Tally

Reports

SDK report objects, View API, and the schema-stable run artifact.

Reports

Tally exposes two report representations and a type-safe View API:

  • TallyRunReport: SDK-facing in-memory object returned from await tally.run().
  • TargetRunView: Type-safe accessor for report data, created via report.view().
  • TallyRunArtifact: Schema-stable, serializable artifact produced by report.toArtifact().

Import

import type {
  TallyRunReport,
  TallyRunArtifact,
  TargetRunView,
  StepResults,
  StepResultsWithIndex,
  ConversationResults,
  SummaryResults,
  StepEvalResult,
  ConversationEvalResult,
  Measurement,
  EvalOutcome,
  EvalSummary,
  VerdictSummary,
} from '@tally-evals/tally';

View API

The View API provides ergonomic, type-safe access to report data. Call report.view() to get a TargetRunView.

TargetRunView

Type-safe view over run results with eval name autocomplete.

stepCount:number

Total number of steps in the conversation.

defs:RunDefs

All definitions (metrics, evals, scorers) used in the run.

step(index):(index: number) => StepResults

Get all single-turn eval results for a specific step.

steps():() => Generator<StepResultsWithIndex>

Iterate over all steps with their results.

conversation():() => ConversationResults

Get multi-turn evals and scalar scorer results.

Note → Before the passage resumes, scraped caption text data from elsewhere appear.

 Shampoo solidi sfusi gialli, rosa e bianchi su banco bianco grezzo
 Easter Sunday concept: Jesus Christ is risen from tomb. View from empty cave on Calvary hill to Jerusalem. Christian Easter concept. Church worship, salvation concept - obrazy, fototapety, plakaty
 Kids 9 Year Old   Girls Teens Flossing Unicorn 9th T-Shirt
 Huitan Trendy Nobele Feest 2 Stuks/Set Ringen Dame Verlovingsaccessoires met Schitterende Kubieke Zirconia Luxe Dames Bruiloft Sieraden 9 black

summary():() => SummaryResults | undefined

Get aggregated summaries by eval name.

metric(name):(name: string) => MetricDefSnap | undefined

Look up a metric definition by name.

eval(name):(name: string) => EvalDefSnap | undefined

Look up an eval definition by name.

scorer(name):(name: string) => ScorerDefSnap | undefined

Look up a scorer definition by name.

metricForEval(name):(name: string) => MetricDefSnap | undefined

Get the metric definition for an eval.


StepResults

Object returned by view.step(index). Keys are eval names with type-safe autocomplete.

[evalName]:StepEvalResult

Result for a single-turn eval at this step. Keys are literal eval names.


StepResultsWithIndex

Yielded by view.steps() generator. Same as StepResults plus an index property.

index:number

Step index (0-based).

[evalName]:StepEvalResult

Result for a single-turn eval at this step.


ConversationResults

Object returned by view.conversation(). Contains multi-turn evals and scalar scorers.

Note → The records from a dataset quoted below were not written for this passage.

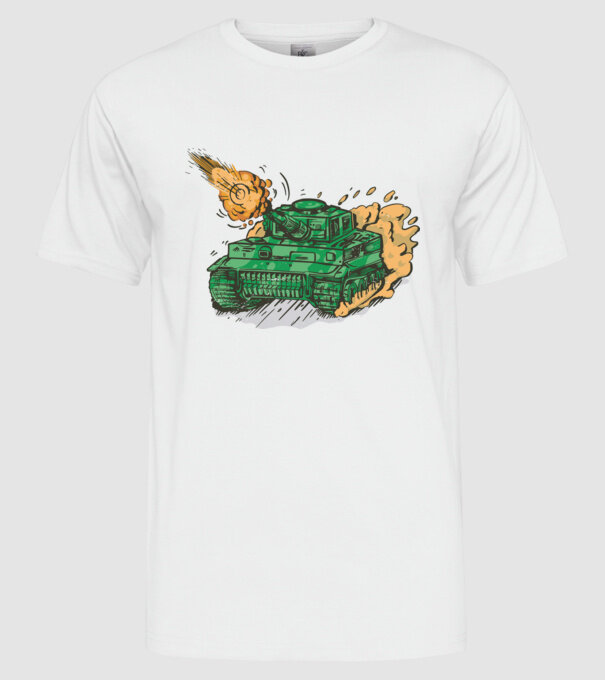 Tancuri model alb pe tricou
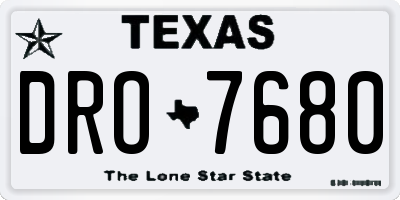 TX license plate DRO7680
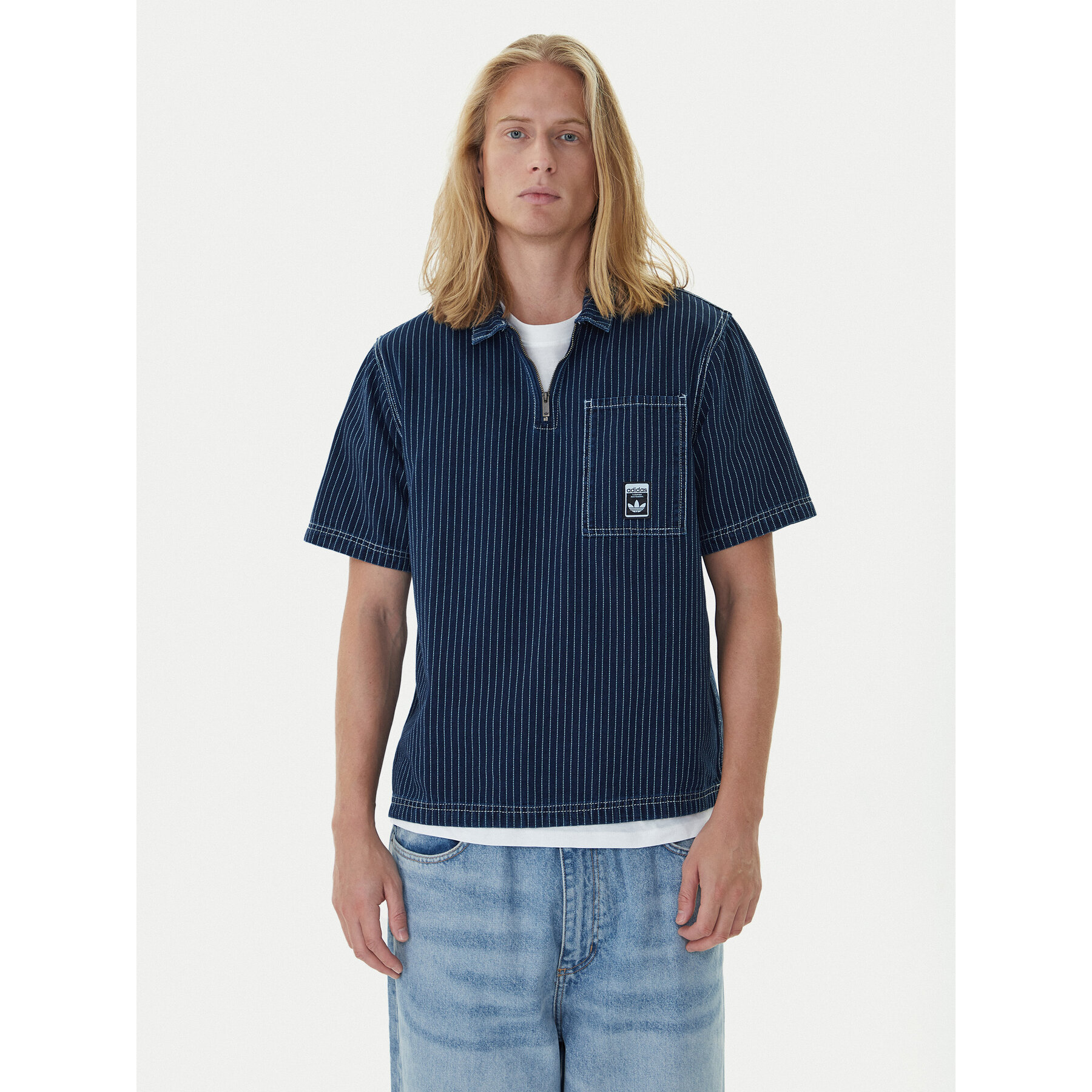 adidas Pólóing Wabash JW0169 Sötétkék Loose Fit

[evalName]:ConversationEvalResult

Result for a multi-turn eval or scalar scorer. Keys are literal eval names.


SummaryResults

Object returned by view.summary(). Contains aggregated statistics by eval name.

[evalName]:EvalSummary

Summary for an eval including aggregations and verdict rates.


StepEvalResult

Result for a single step evaluation.

evalRef:string

Name of the eval.

measurement:Measurement

The measurement (score, rawValue, metadata).

outcome?:EvalOutcome

Verdict outcome (if verdict policy was defined).


ConversationEvalResult

Result for a conversation-level evaluation.

evalRef:string

Name of the eval.

measurement:Measurement

The measurement (score, rawValue, metadata).

outcome?:EvalOutcome

Verdict outcome (if verdict policy was defined).


Measurement

The measured value from a metric execution.

metricRef:string

Reference to the metric in defs.metrics.

score?:number

Normalized score (0-1) after normalization.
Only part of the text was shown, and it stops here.